For me, cognitive dissonance became a daily reality during the smear campaign launched against me through seven websites. On one hand, I knew my truth: I was a building superintendent with my spouse in Scarborough, Ontario, living with integrity. On the other hand, I was confronted with toxic tenants publishing lies online, twisting my reactions into “proof” of instability. It was wild!
The clash between my lived reality and their fabricated narrative created a storm of dissonance inside me.
How It Showed Up in My Life
- Defending myself vs. staying silent: I believed in standing up for the truth, I still do, yet every defence was weaponized against me. Silence felt like surrender, but speaking up felt like feeding their fire. Every document I wrote for the Human Rights Tribunal of Ontario (HRTO) applications against me, starting in June 2018, showed on their websites twisted beyond recognition. I did it anyway.

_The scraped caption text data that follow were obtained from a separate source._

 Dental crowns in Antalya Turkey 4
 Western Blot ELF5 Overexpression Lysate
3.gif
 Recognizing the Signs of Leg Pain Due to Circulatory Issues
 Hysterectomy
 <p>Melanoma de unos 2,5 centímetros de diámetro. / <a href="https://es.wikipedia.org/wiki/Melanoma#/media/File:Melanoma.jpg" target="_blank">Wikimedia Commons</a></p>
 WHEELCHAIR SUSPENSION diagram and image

- Resilience vs. vulnerability: I saw myself as strong, yet their constant gaslighting left me breaking down emotionally. My tears weren’t weakness—they were proof of my humanity under pressure. I was stressed mentally beyond what I could handle, and I ended up in psychosis. It took me some time to get past that.

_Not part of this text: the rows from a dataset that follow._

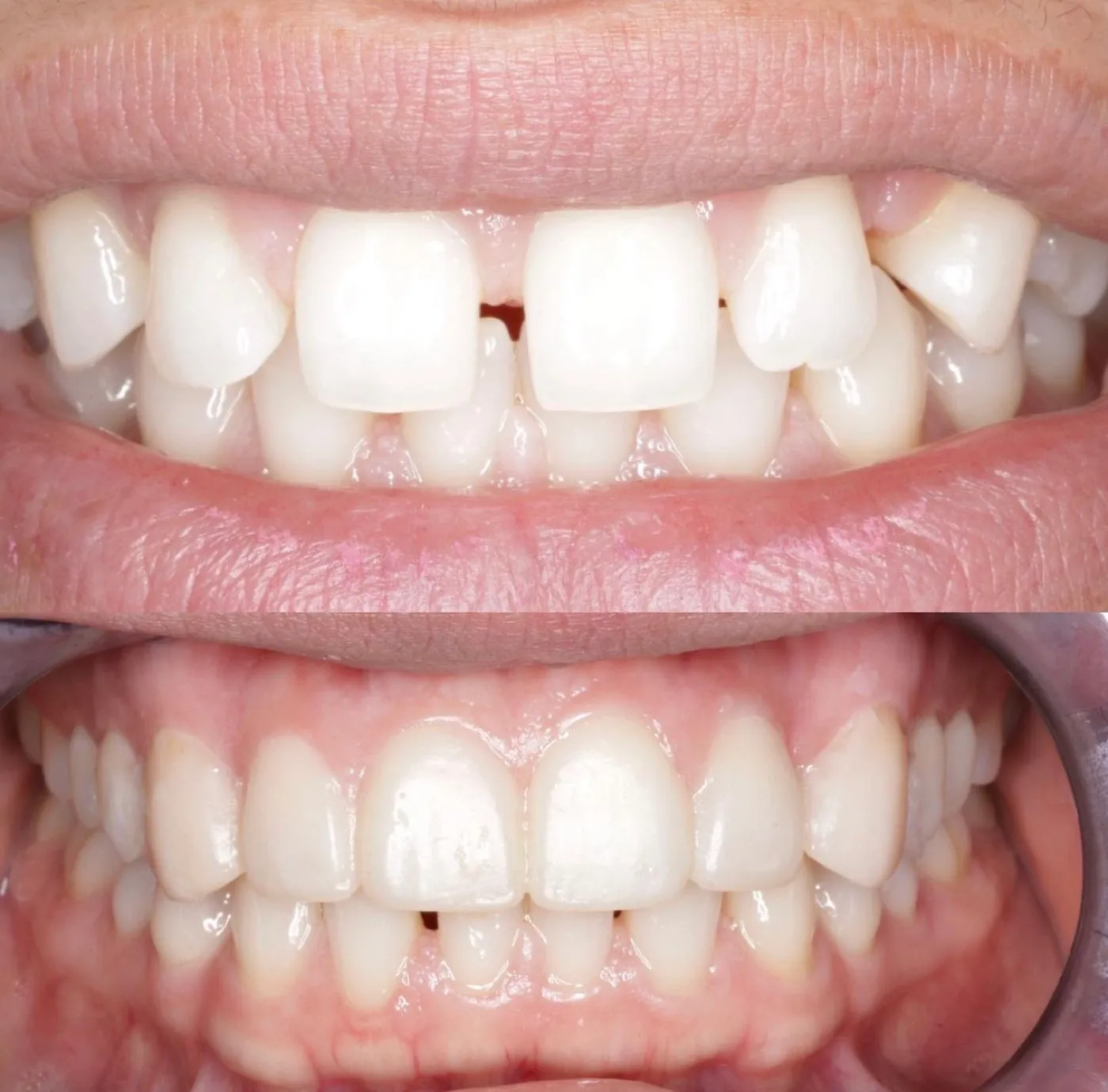 Before and after: a gap between the upper front teeth closed, shown stacked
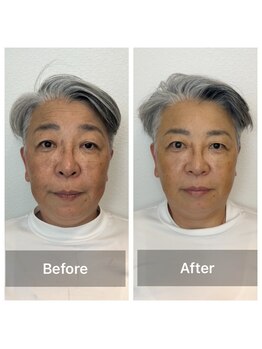 アスト(AST)/50代★むくみ解消スッキリ小顔に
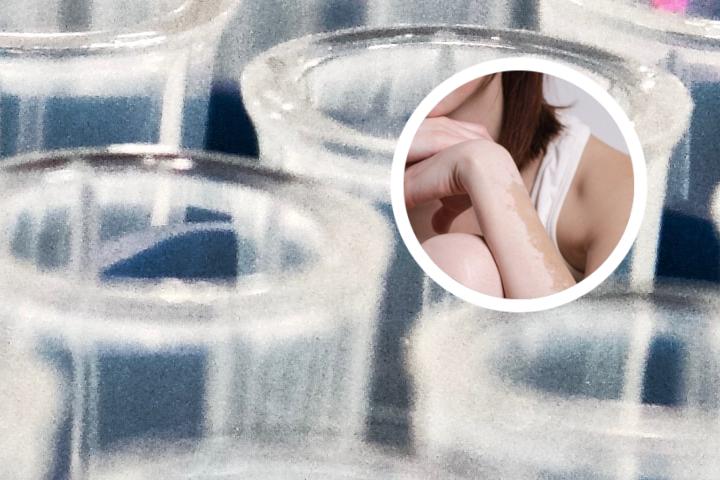 白癜风不敢吃绿色青菜吗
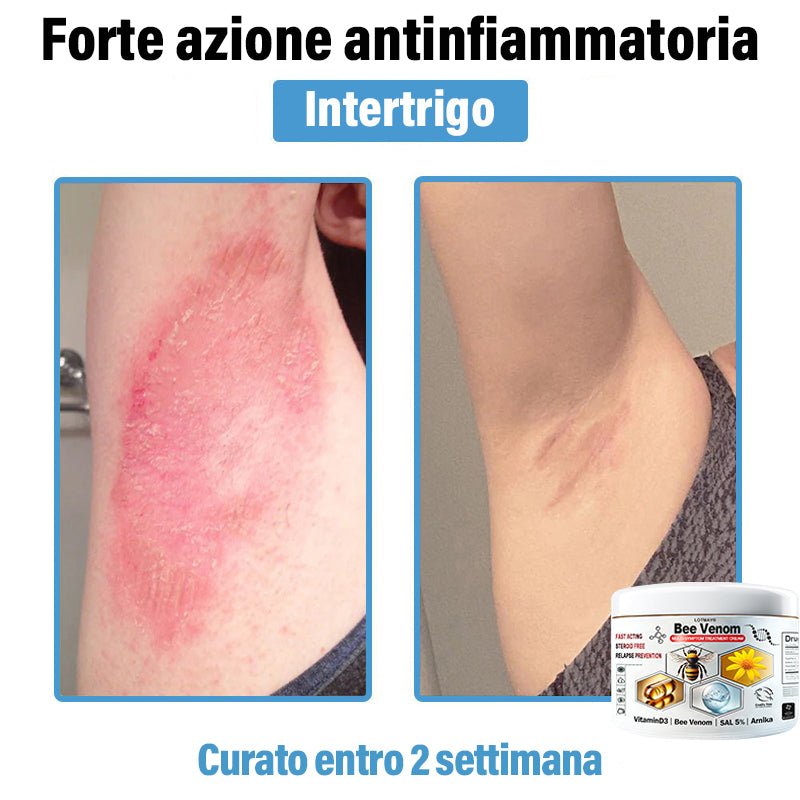 Lotmay® 🔥crema per il trattamento della pelle al veleno d'ape multi-stmptom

- Community vs. isolation: I valued connection, but the lies online tried to triangulate me with their readers. That contradiction was painful, but it also pushed me to reclaim my identity. I felt isolated, but in the end, this experience showed me who I could trust. I found a new community now where I thrive!
Healing the Dissonance
Psychologists say we resolve cognitive dissonance by changing beliefs, reframing experiences, or aligning actions with values.

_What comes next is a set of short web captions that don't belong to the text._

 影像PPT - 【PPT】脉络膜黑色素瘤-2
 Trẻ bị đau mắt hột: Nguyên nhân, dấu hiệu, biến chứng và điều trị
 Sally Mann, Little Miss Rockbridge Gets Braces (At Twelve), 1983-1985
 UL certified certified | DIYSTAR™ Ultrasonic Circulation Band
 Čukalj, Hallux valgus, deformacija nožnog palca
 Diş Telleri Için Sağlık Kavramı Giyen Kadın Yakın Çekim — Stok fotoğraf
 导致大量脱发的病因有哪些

For me, healing began when I moved back home to Newfoundland in the Fall of 2020. Getting away from all that fear that I had of being attacked by one of the 14 million people there who were agitated over all the racism in the news was paramount to me. It took a while, but surrounded by the land and community I love, I could finally breathe again and learn to just be myself. The lies online didn’t vanish, not till this past July 2025, but I no longer let them define me. I reframed my story: instead of being “the victim of a smear campaign,” I became a survivor reclaiming her voice.
Why This Matters
Cognitive dissonance isn’t just a theory—it’s the lived experience of anyone who has been bullied, gaslit, or defamed. Recognizing it helps us understand why we feel torn inside, and why our reactions—whether anger, tears, or long explanations—are not signs of weakness but signs of our humanity under pressure. By naming the dissonance, we take back power from those who try to distort our reality. That is so important!
In the end, cognitive dissonance taught me that discomfort can be a compass. It points to where our truth is being challenged, and where we need to stand firm. My journey through lies and gaslighting showed me that healing isn’t about erasing the conflict—it’s about choosing which truth to live by. And I choose mine.